The install is relatively simple and takes a minute or two

Once PowerShell 7 is installed we need to install PowerCLI by using an Install-Module command. The format of the command is

Install-Module -Name VMware.PowerCLI

The installation is relatively simple and takes a minute or two to download the code and extract. Once extracted we can connect to the vSphere server.

When it comes to connecting to the server we can have it ask us for the username and password or set these variables as environment variables. In the following video we set the variables $user and $server as well as the $pwd (not shown) then connect to the server using environment variables. When we first connect the connection fails because the SSL certificate on our server is self-signed and not trusted. To avlid this set need to execute the two commands to get a valid connection

Set-PowerCLIConfiguration -InvalidCertificateAction Ignore -Confirm:$false

Connect-VIServer -Server $server -User $user -Password $pwd

From here we can get the DataCenter, Folder structure of the VMs and Templates, as well as the Datastores for this installation.

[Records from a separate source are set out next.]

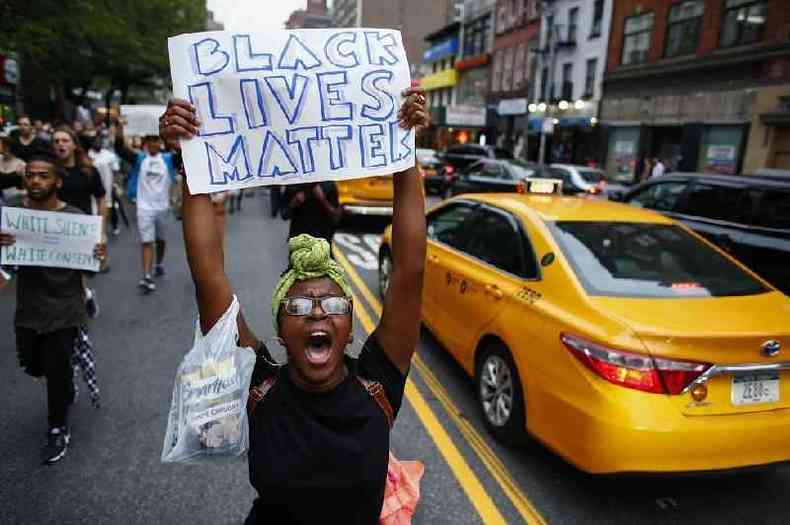 2016 tambm viu uma onda de manifestaes Black Lives Matter por causa dos homicdios de homens negros por policiais(foto: Getty Images)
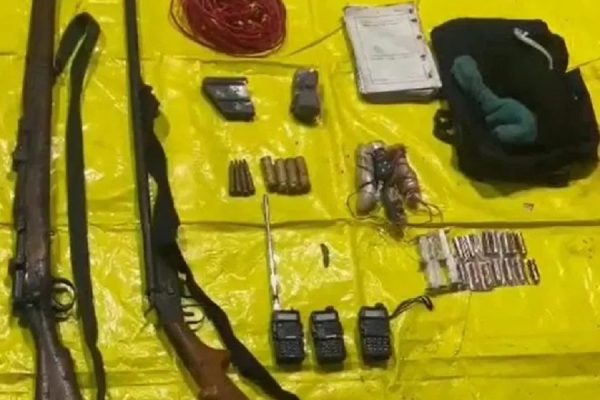 Bijapur Encounter Update : 16 लाख के इनामी दो नक्सली मारे गए, रायफल और बम सहित भारी मात्रा में हथियार बरामद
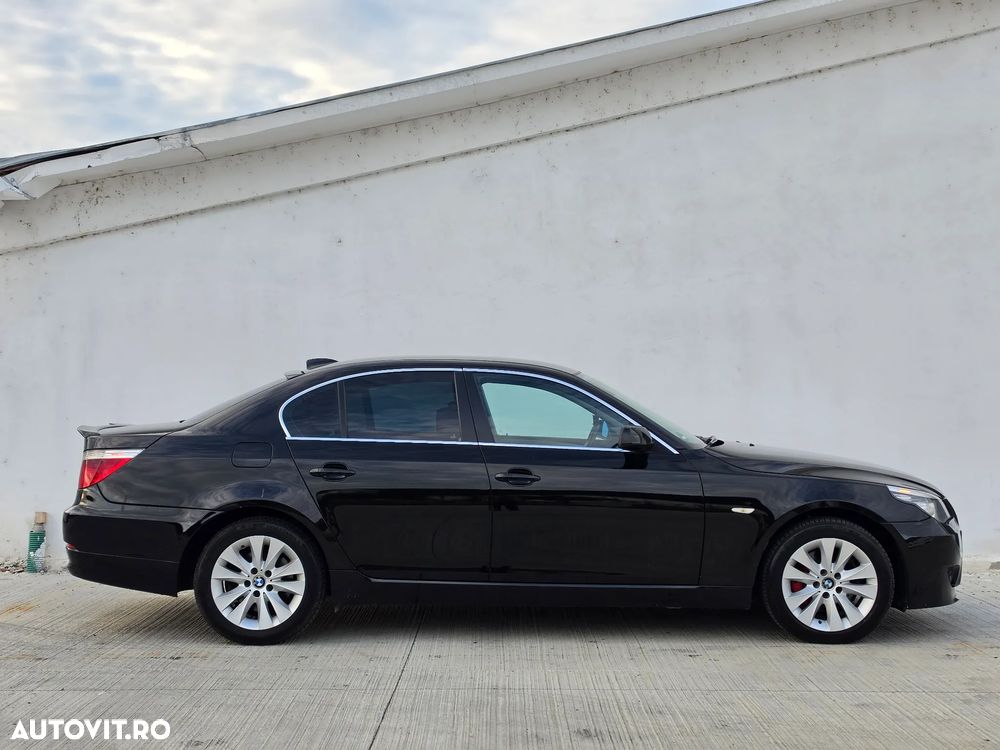 BMW Seria 5 520d Aut. Edition Exclusive - 8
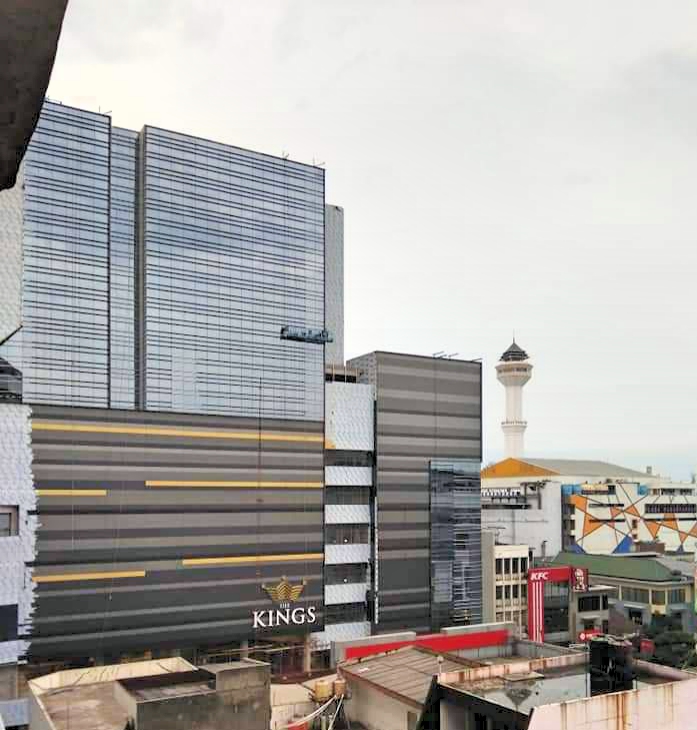 B A N D U N G Kings Shopping Center Hotel Citadines 15 B A N D U N G Kings Shopping Center Hotel Citadines 15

Getting the parameters that we will need to populate a parameters.tfvars file can be done with the following PowerCLI commands

var.datacenter Get-DataCenter

var.datastore Get-Datastore -Name <name>

var.template_folder Get-Folder -Name “Templates and vCenter”

var.terraform_folder Get-Folder -Name “Terraform”

var.templates Get-Template -Location $var.template_folder

var.terraform_vms Get-VM -Location $var.terraform_folder

From here we have the base level data that we need to populate a parameters.tfvar file and define our datacenter, host, folder structure, datastores, and templates. These are typically relatively static values that don’t change much. At some point we might want to pull in a list of our ISO files to use for initializing raw operating systems. Most companies don’t start with an ISO file but rather a partially configured server that has connections into an LDAP or Active Directory structure as well as the normal applications and security/firewall configurations needed for most applications.

To summarize what we have done is to configure our Windows 10 default terraform desktop so that we can use a browser to pull parameters from a vSphere server as well as script and automate pulling this data from a vSphere server using the PowerCLI Module that runs under PowerShell 6 or 7. We should have access to all of our key data from our vSphere and ESXi server and can populate and create a set of terraform files using variables, data declarations, and resources that we want to create and manage. With this blog we have built the foundation to manage a vSphere or ESXi instance from an HTML browser, a PowerShell command line, or from terraform. The eventual goal is to have terraform do all of the heavy lifting and not enter data like username and password into configuration files so that we can use github for version control of our configuration and management files.